No era que Misha no hubiera crecido así. En esos tianguis, almorzando tacos en puestos armados en la calle, mercados ambulantes que al día siguiente se ponían en otra plaza.
Comprando verdura sembrada y cosechada por quien la vendía, carne del rastro local, fruta de temporada.
Era que por meses la vida lo llevó a conocer otros modos de vivir. Comía en casa, nunca en la calle. O a lo mucho en restaurantes. Sandra compraba en centros comerciales, las frutas tenían etiquetas. La carne estaba empacada en charolas de unicel.

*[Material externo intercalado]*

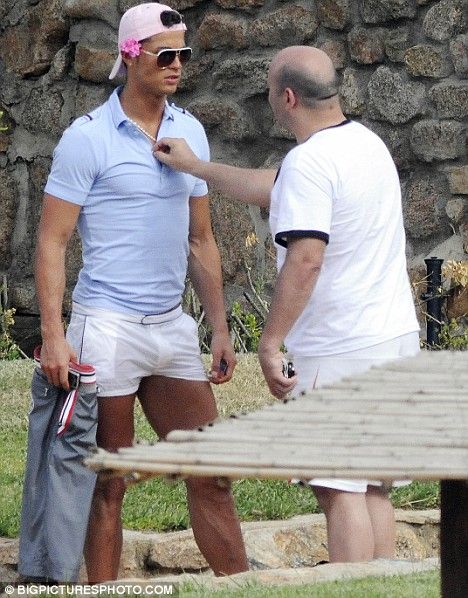 FOTO / Ronaldo s-a intrecut pe sine - a purtat o floare roz la ureche_5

Caminar al lado de su hermana, tirando de la compra en el retacado carrito del mandado, contemplando el efecto de las endorfinas en su pequeño cuerpo, su buen humor, lo relajada y tranquila que se veía después de enchilarse brutalmente, fue como un despertar.
Ángel pertenecía a otra clase social y aunque nunca fue un snob y su familia era amable y sencilla, no eran su familia.
No eran nada de él.
—A ver, entonces. Cuénteme despacito. ¿Qué pasó con esos fantasmas? ¡Ah mira! ¡Elotes asados con chile! ¿No quieres uno?
Misha decidió que podía comer uno. El mal humor se desvaneció con el tiempo.
La tristeza no, pero se calmaba con la ilusión en los ojos de su golosa hermana mientras se acercaban a la vendedora de elotes.
—¿Sabes qué? —dijo Ana María, enchilada de nuevo, con los labios pintados de rojos por la salsa de chile—. Conozco una señora que conoce a una señora que dijo que su hermana es bruja. ¿Por qué no me ayudas a hacer el quehacer y si terminamos temprano, vamos a verla.
Misha no tenía nada mejor que hacer.